HAVING AN ECO-FRIENDLY PERIOD: why I switched to using a menstrual cup

Have you ever thought about the quantity of sanitary pads and/or tampons you have used and will have to use in your lifetime? Have you ever wondered what they’re made of and where they end up? If you haven’t, it’s a good time you start thinking about it because it ain’t pretty.


 Source:  natracare

Source: natracare

  • The average woman will use around 11,000 pads and tampons in her lifetime
  • Feminine-care product manufacturers aren't required to disclose what's in their products, which often includes traces of dioxin (a known carcinogen) from bleaching, pesticide residues from conventional, non-organic cotton, and mysterious "fragrance" ingredients*
  • Conventionally grown cotton relies heavily on the use of agro-chemicals**
  • 20 billion used menstrual products end up in the landfill each year in North America
  • The time it takes for a pad of tampon to degrade in a landfill is centuries longer than the lifespan of the woman who used it

*Cumulative Exposure and Feminine Care Products

**Conventional cotton

To be honest, I just started using the “Cup” about a year ago. Before that, I was using organic cotton tampons and pads whenever I could, but it wasn’t always easy when there wasn’t a Whole Foods or other health store around to find them. I've gotten so used to looking at ingredients when buying packaged food, and I looked for some sign of ingredients, especially when it came to "fragrances," but I could find none on conventional pads and tampons. So organic pads was definitely the way to go.
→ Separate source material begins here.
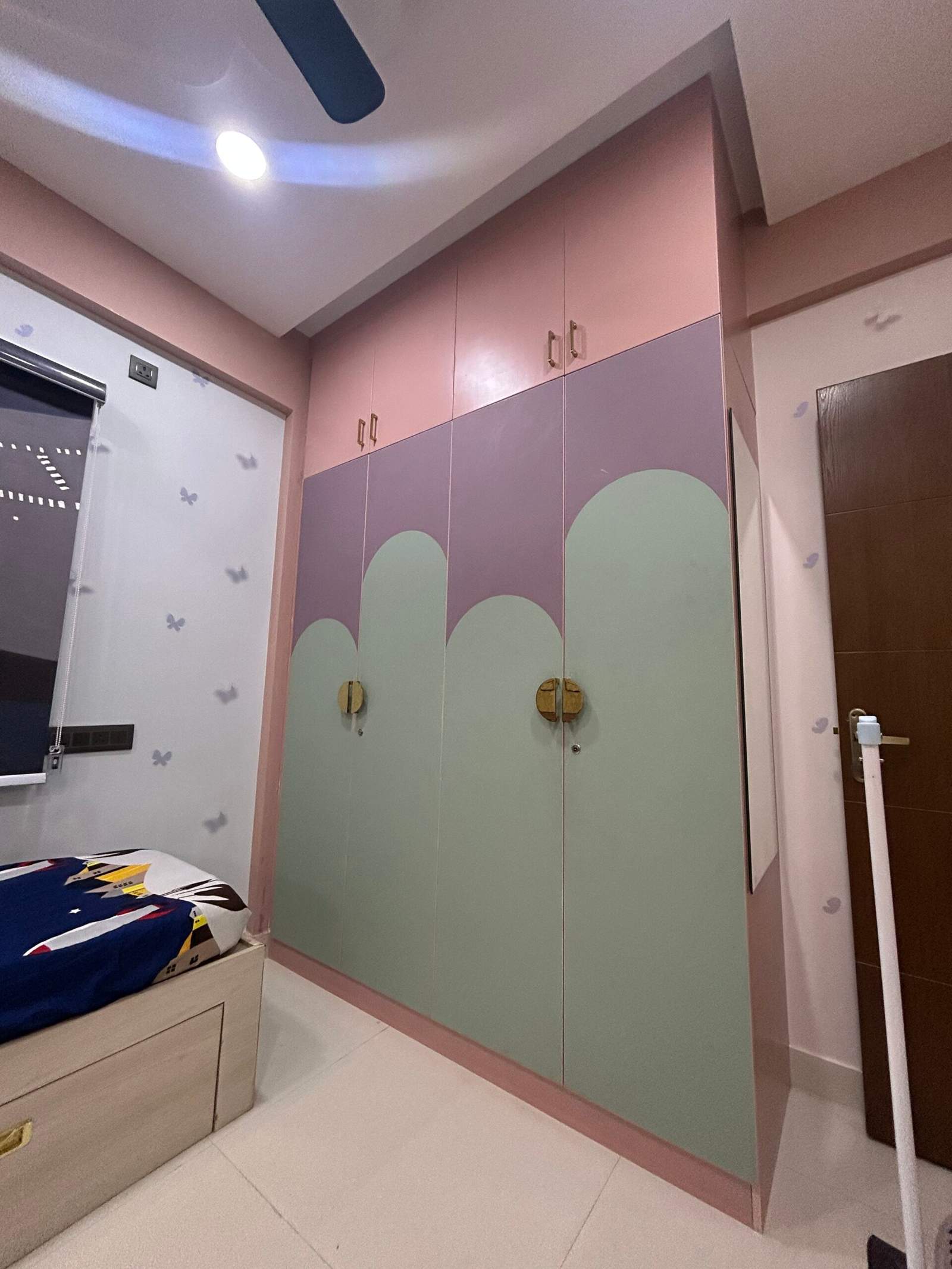 Children’s bedroom with sliding wardrobe and storage beds in a Bangalore home designed by Olangana Design’s.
However, I was still feeling pretty wasteful, using so many disposable pads... plus, they're relatively expensive. So, I finally decided to buy a DivaCup after inspecting it multiple times in stores, and it's one of the best decisions I’ve made! Especially if I want to walk the talk and make my cycle more eco-friendly.


Why I like using the Cup:

  • I’ve become more in tune with my cycle: with the different qualities and quantities of my flow
  • You only have to change it twice a day! (I do when I wake up and before going to bed)
  • It should last me about 10 years

Sure, it takes a little bit getting used to inserting and removing the cup. And I would not recommend trying it in public bathrooms since you should rinse the cup between uses (although it is possible). It's totally doable, and you'll feel relieved at the amount of waste you'll be reducing!


Another product I began using very recently are cloth pads. I bought some I found in Auroville, India. The brand is EcoFemme and they're totally awesome! --good for my body, good for the earth, and a socially responsible business.

They're really comfortable, soft and absorbent. The downside with cloth pads is that you have to wash them by hand and dry them after every use. It can be time-consuming and labor-intensive, but I still think it beats the alternative of buying and wasting (on repeat). ;) 

It seems like everyday we're bombarded with bad news about pretty much all the things we use and do on a daily basis... and that's ok! The world's pretty F'd up and it's good to be aware of it. But now that you know, don't just turn a blind eye and continue business as usual. You have the power to stop using those nasty products and make the switch to products that are better for the environment and safer for your body as well.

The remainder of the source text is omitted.